Linear Regression

Linear regression in one model

The simplest predictive model: a linear function of the inputs plus a bias.

\hat{y} = \mathbf{w}^\top \mathbf{x} + b.

  • Fit w and b to minimize squared error on training data.
  • Has a closed-form solution for problems where it scales, but the iterative recipe (gradient descent on minibatches) generalizes to everything that follows.
  • Connects neatly to the Gaussian noise model — squared loss = negative log-likelihood under \mathcal{N}(0, \sigma^2).

Squared loss from Gaussian noise

Assume the target is the linear prediction plus fixed-variance Gaussian noise:

y^{(i)} = \mathbf{w}^\top \mathbf{x}^{(i)} + b + \epsilon^{(i)}, \quad \epsilon^{(i)} \sim \mathcal{N}(0, \sigma^2).

Then

p(y^{(i)} \mid \mathbf{x}^{(i)}, \mathbf{w}, b) = \frac{1}{\sqrt{2\pi\sigma^2}} \exp\left(-\frac{(y^{(i)} - \hat{y}^{(i)})^2}{2\sigma^2}\right).

For independent examples, the negative log-likelihood is

-\log p(\mathbf{y}\mid\mathbf{X},\mathbf{w},b) = \textrm{const} + \frac{1}{2\sigma^2}\sum_i (y^{(i)}-\hat{y}^{(i)})^2.

With fixed \sigma, maximum likelihood and minimizing squared error choose the same parameters.

The model and the loss

For one example \mathbf{x}^{(i)} \in \mathbb{R}^d and target y^{(i)} \in \mathbb{R}, the model predicts

\hat{y}^{(i)} = \mathbf{w}^\top \mathbf{x}^{(i)} + b.

Squared loss on the training set of n examples:

L(\mathbf{w}, b) = \frac{1}{n} \sum_{i=1}^{n} \tfrac{1}{2}\left(\hat{y}^{(i)} - y^{(i)}\right)^2.

Convex in (\mathbf{w}, b) — every local minimum is global.

Two ways to fit

Closed form (when it fits in memory):

\mathbf{w}^* = (\mathbf{X}^\top \mathbf{X})^{-1} \mathbf{X}^\top \mathbf{y}.

Doesn’t generalize beyond linear models.

Minibatch SGD (the recipe we’ll keep using):

\mathbf{w} \leftarrow \mathbf{w} - \frac{\eta}{|\mathcal{B}|} \sum_{i \in \mathcal{B}} \nabla_\mathbf{w}\,\ell^{(i)}(\mathbf{w}, b).

  • Sample minibatch \mathcal{B}.
  • Compute gradient of the average loss on it.
  • Step in the negative-gradient direction.

Vectorization for speed

Same operation, two implementations.
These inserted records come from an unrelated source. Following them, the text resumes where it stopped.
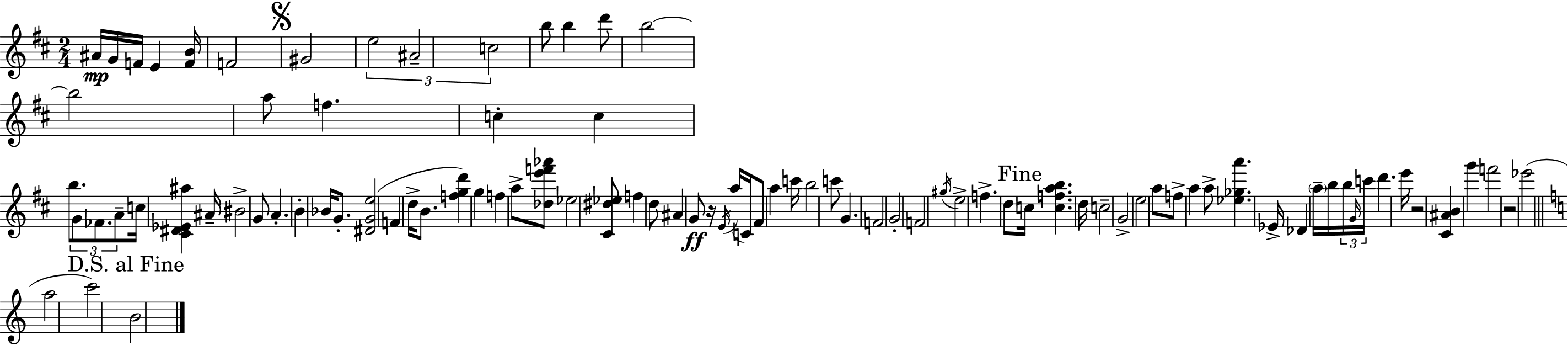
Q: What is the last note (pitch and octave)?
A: B4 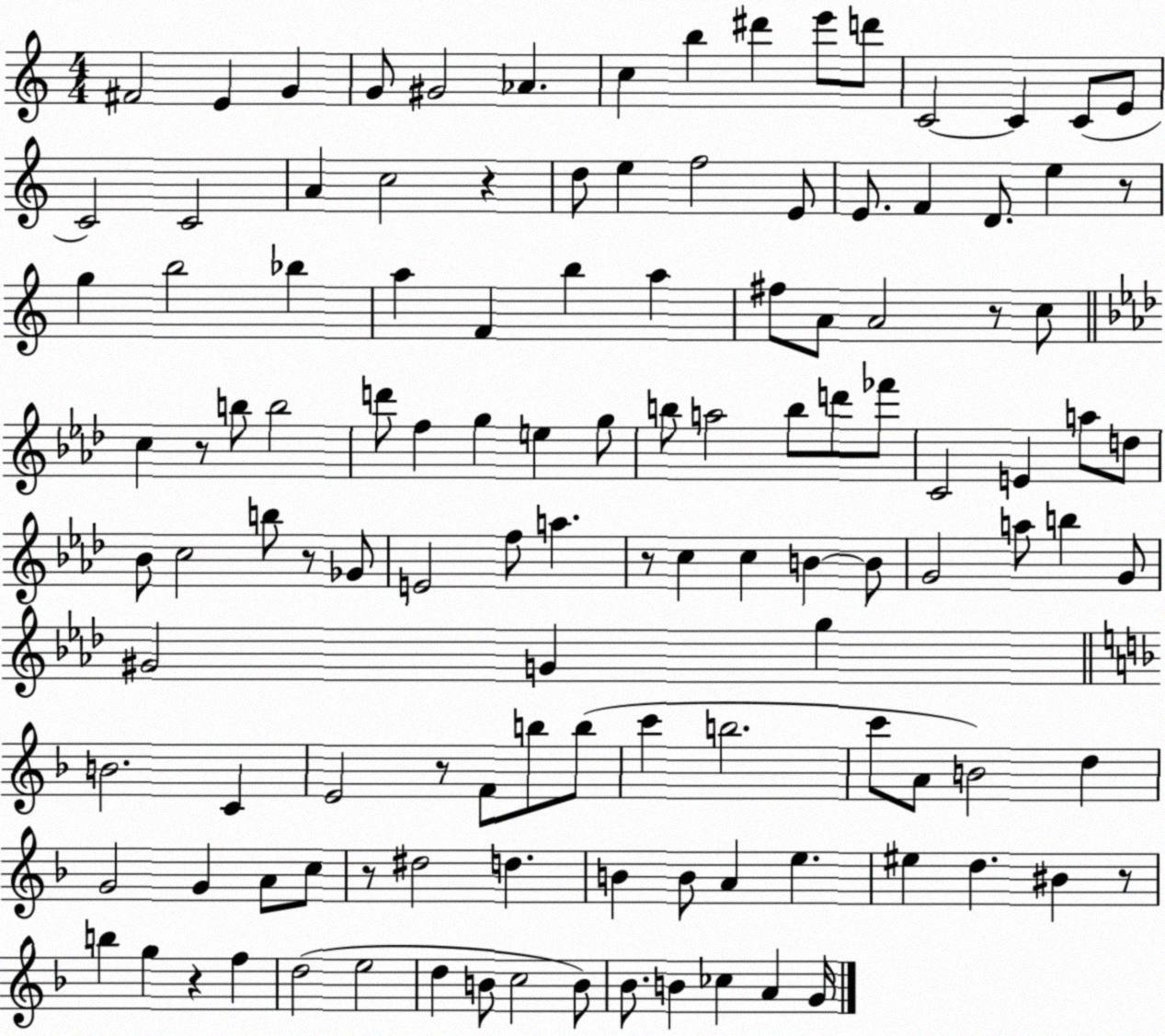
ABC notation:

X:1
T:Untitled
M:4/4
L:1/4
K:C
^F2 E G G/2 ^G2 _A c b ^d' e'/2 d'/2 C2 C C/2 E/2 C2 C2 A c2 z d/2 e f2 E/2 E/2 F D/2 e z/2 g b2 _b a F b a ^f/2 A/2 A2 z/2 c/2 c z/2 b/2 b2 d'/2 f g e g/2 b/2 a2 b/2 d'/2 _f'/2 C2 E a/2 d/2 _B/2 c2 b/2 z/2 _G/2 E2 f/2 a z/2 c c B B/2 G2 a/2 b G/2 ^G2 G g B2 C E2 z/2 F/2 b/2 b/2 c' b2 c'/2 A/2 B2 d G2 G A/2 c/2 z/2 ^d2 d B B/2 A e ^e d ^B z/2 b g z f d2 e2 d B/2 c2 B/2 _B/2 B _c A G/4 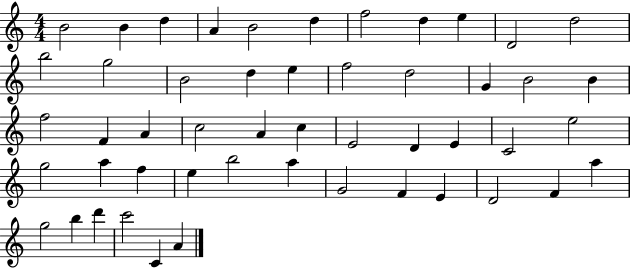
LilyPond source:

{
  \clef treble
  \numericTimeSignature
  \time 4/4
  \key c \major
  b'2 b'4 d''4 | a'4 b'2 d''4 | f''2 d''4 e''4 | d'2 d''2 | \break b''2 g''2 | b'2 d''4 e''4 | f''2 d''2 | g'4 b'2 b'4 | \break f''2 f'4 a'4 | c''2 a'4 c''4 | e'2 d'4 e'4 | c'2 e''2 | \break g''2 a''4 f''4 | e''4 b''2 a''4 | g'2 f'4 e'4 | d'2 f'4 a''4 | \break g''2 b''4 d'''4 | c'''2 c'4 a'4 | \bar "|."
} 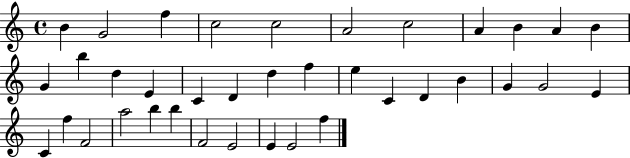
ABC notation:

X:1
T:Untitled
M:4/4
L:1/4
K:C
B G2 f c2 c2 A2 c2 A B A B G b d E C D d f e C D B G G2 E C f F2 a2 b b F2 E2 E E2 f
Set up two 10 000-element vectors:

%matplotlib inline
from d2l import jax as d2l
from jax import numpy as jnp
import math
import time
n = 10000
a = d2l.ones(n)
b = d2l.ones(n)

Loop vs. vectorized add

Adding element-by-element in a Python loop:

# JAX arrays are immutable, meaning that once created their contents
# cannot be changed. For updating individual elements, JAX provides
# an indexed update syntax that returns an updated copy
c = d2l.zeros(n)
t = time.time()
for i in range(n):
    c = c.at[i].set(a[i] + b[i])
f'{time.time() - t:.5f} sec'
'5.24810 sec'

The same answer in one library call:

t = time.time()
d = a + b
f'{time.time() - t:.5f} sec'
'0.05605 sec'

Roughly 3 orders of magnitude faster on this size — Python’s interpreter overhead is the killer; the C kernel barely breaks a sweat.

Why squared loss?

Assume each label is the linear prediction plus Gaussian noise:

y = \mathbf{w}^\top \mathbf{x} + b + \epsilon, \quad \epsilon \sim \mathcal{N}(0, \sigma^2).
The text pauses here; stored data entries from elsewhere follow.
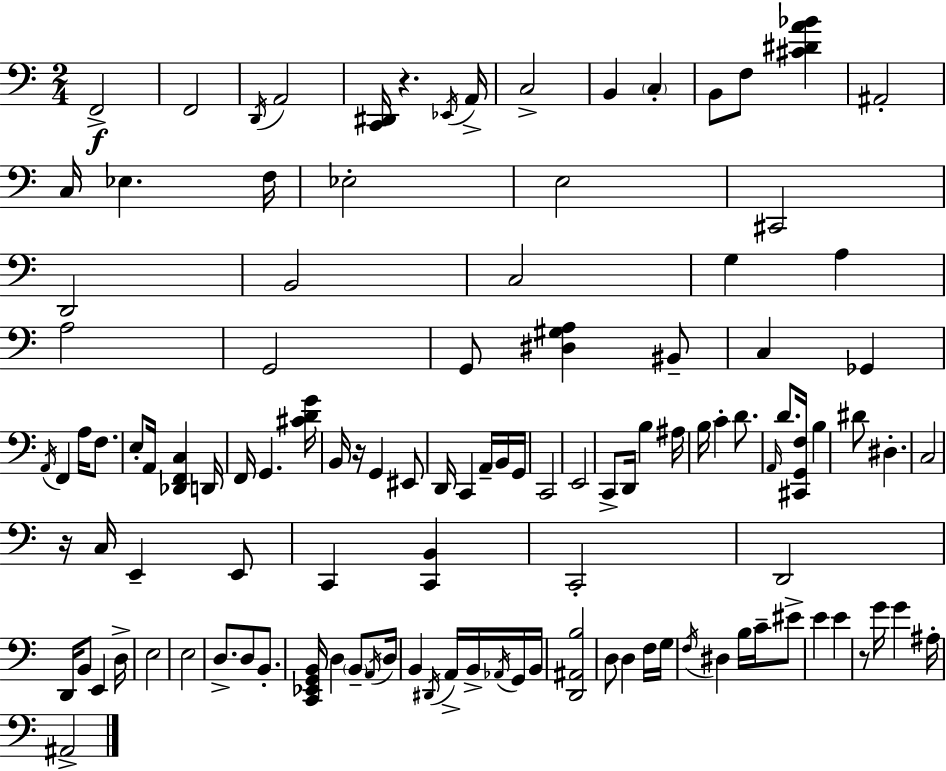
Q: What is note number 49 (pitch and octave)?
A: C2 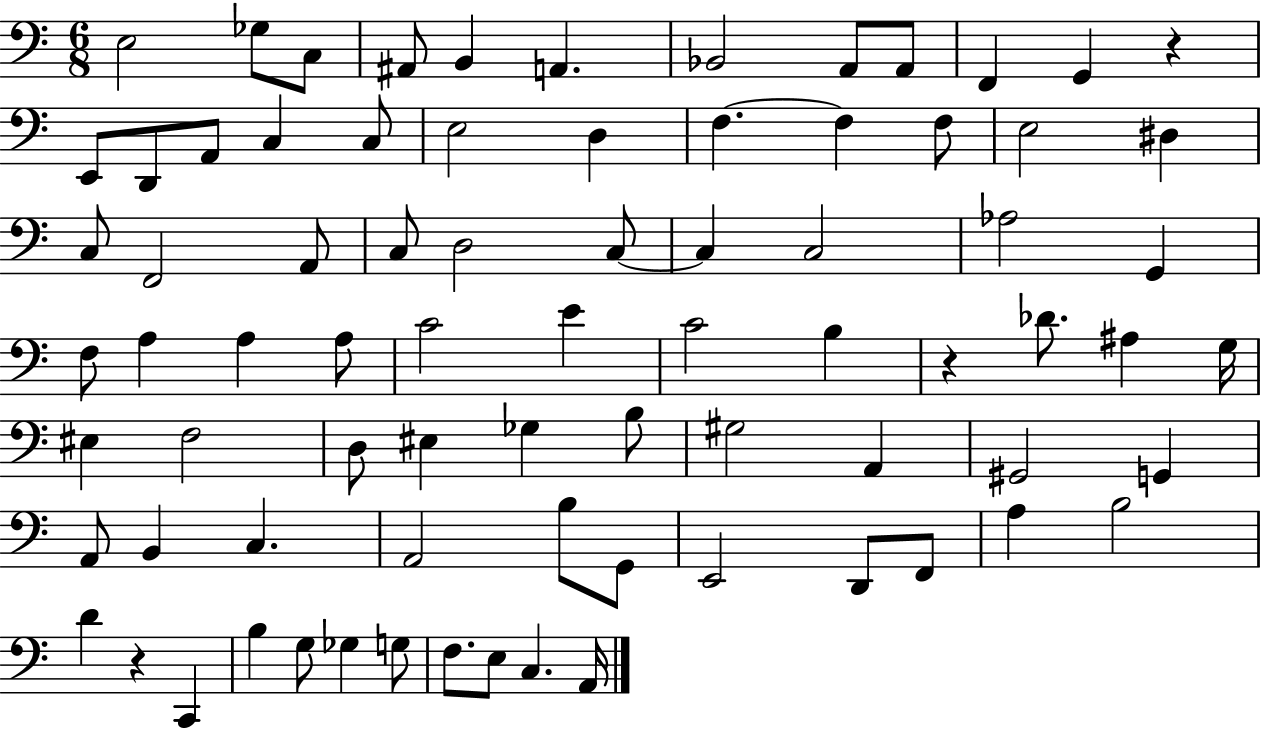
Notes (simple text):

E3/h Gb3/e C3/e A#2/e B2/q A2/q. Bb2/h A2/e A2/e F2/q G2/q R/q E2/e D2/e A2/e C3/q C3/e E3/h D3/q F3/q. F3/q F3/e E3/h D#3/q C3/e F2/h A2/e C3/e D3/h C3/e C3/q C3/h Ab3/h G2/q F3/e A3/q A3/q A3/e C4/h E4/q C4/h B3/q R/q Db4/e. A#3/q G3/s EIS3/q F3/h D3/e EIS3/q Gb3/q B3/e G#3/h A2/q G#2/h G2/q A2/e B2/q C3/q. A2/h B3/e G2/e E2/h D2/e F2/e A3/q B3/h D4/q R/q C2/q B3/q G3/e Gb3/q G3/e F3/e. E3/e C3/q. A2/s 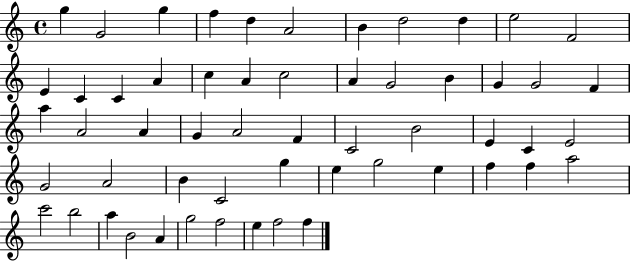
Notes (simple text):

G5/q G4/h G5/q F5/q D5/q A4/h B4/q D5/h D5/q E5/h F4/h E4/q C4/q C4/q A4/q C5/q A4/q C5/h A4/q G4/h B4/q G4/q G4/h F4/q A5/q A4/h A4/q G4/q A4/h F4/q C4/h B4/h E4/q C4/q E4/h G4/h A4/h B4/q C4/h G5/q E5/q G5/h E5/q F5/q F5/q A5/h C6/h B5/h A5/q B4/h A4/q G5/h F5/h E5/q F5/h F5/q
Then minimizing squared error is exactly maximizing the Gaussian log-likelihood of the observed labels.

def normal(x, mu, sigma):
    p = 1 / math.sqrt(2 * math.pi * sigma**2)
    return p * jnp.exp(-0.5 * (x - mu)**2 / sigma**2)

Visualizing the connection

Plot a few normal densities — different means and variances:

# Use NumPy again for visualization
x = jnp.arange(-7, 7, 0.01)
# Mean and standard deviation pairs
params = [(0, 1), (0, 2), (3, 1)]
d2l.plot(x, [normal(x, mu, sigma) for mu, sigma in params], xlabel='x',
         ylabel='p(x)', figsize=(4.5, 2.5),
         legend=[f'mean {mu}, std {sigma}' for mu, sigma in params])

Squared loss assumes the errors look like one of these bells centered at the model’s prediction.

Recap

  • Model: \hat{y} = \mathbf{w}^\top \mathbf{x} + b.
  • Loss: mean squared error — convex, single global optimum.
  • Optimizer: minibatch SGD steps in the gradient direction; closed form exists but doesn’t generalize.
  • Vectorize every inner loop — orders of magnitude faster than Python iteration.
  • Squared loss is the MLE under Gaussian noise — sets the template for matching loss functions to noise models.